CRP’s totals based on employer are limited to donors contributing more than $200, since information is not provided to the Federal Election Commission for smaller contributions. So these figures are likely to disproportionately represent the mood of officers, who have more disposable income to spend on politics than do the lower ranks. But because young people tend to be more liberal than their elders, the total dollar figures could lean even more in Obama’s favor.

“One possibly mundane explanation (for the tilt in contributions from deployed soldiers) is that the Obama campaign has just been so much savvier with web-based donors. It may be a logistical question,” Belkin pointed out.

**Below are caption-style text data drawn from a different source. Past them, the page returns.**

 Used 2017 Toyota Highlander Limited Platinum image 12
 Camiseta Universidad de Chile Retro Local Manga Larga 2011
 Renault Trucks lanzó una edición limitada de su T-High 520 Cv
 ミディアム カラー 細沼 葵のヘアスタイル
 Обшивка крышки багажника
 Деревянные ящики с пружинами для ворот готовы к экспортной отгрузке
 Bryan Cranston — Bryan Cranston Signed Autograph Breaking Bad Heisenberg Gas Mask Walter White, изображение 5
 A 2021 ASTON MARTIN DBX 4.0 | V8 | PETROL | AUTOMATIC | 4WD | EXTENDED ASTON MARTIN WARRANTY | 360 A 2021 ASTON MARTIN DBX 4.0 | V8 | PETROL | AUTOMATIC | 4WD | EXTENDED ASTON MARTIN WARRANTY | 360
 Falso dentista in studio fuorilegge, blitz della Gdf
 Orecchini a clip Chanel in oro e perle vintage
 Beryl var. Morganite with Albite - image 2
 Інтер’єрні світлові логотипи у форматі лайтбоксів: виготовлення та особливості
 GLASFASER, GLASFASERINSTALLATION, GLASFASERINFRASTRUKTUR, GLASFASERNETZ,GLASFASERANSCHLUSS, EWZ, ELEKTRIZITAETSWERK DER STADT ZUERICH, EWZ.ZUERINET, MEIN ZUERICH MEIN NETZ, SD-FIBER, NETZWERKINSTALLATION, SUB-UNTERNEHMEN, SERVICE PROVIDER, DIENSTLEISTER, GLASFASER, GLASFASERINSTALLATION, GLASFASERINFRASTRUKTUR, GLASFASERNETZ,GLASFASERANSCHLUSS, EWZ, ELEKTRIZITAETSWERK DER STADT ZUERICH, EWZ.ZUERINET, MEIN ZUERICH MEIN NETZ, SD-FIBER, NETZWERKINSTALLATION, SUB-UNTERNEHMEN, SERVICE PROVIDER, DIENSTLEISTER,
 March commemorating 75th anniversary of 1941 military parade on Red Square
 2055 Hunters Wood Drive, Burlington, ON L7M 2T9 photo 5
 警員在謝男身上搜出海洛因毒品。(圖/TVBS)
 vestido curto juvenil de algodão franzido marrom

Bush outraised Gore and Kerry by wide margins among military employees so Obama’s lead over McCain is noteworthy, even with a small, skewed sample. But again — what is it, precisely, that we’re noting? The fact that Paul does disproportionately well among the same group probably means it’s a war thing; it may be that there’s a core group of troops who are passionately opposed to extending the occupation for whatever reason and they’re willing to donate to candidates to achieve that end. That group was likely too small in 2004 to help Kerry given how recent the invasion still was, but after five years it’s grown along with the rest of the anti-war tide among the electorate. Evidence, then, that most troops want out? Maybe! Except … the data doesn’t specify whether the donations came mostly from Iraq or were spread out around the globe, and interestingly, the one branch where McCain leads Obama in contributions is the one most likely to see the hardest action — the Corps. Beyond that, the would-be McCain soldier-donor has a hurdle to clear on his way to his checkbook that the Paul and Obama donor doesn’t. By kicking in to Maverick, he’s making it marginally more likely that he’ll continue to be deployed in the field and away from his family in the future. Even if he agrees with McCain’s foreign policy, thinks we ought to finish the job in Iraq, and is willing to continue serving bravely and well to that end, it’s asking a lot to ask him to pay for the privilege.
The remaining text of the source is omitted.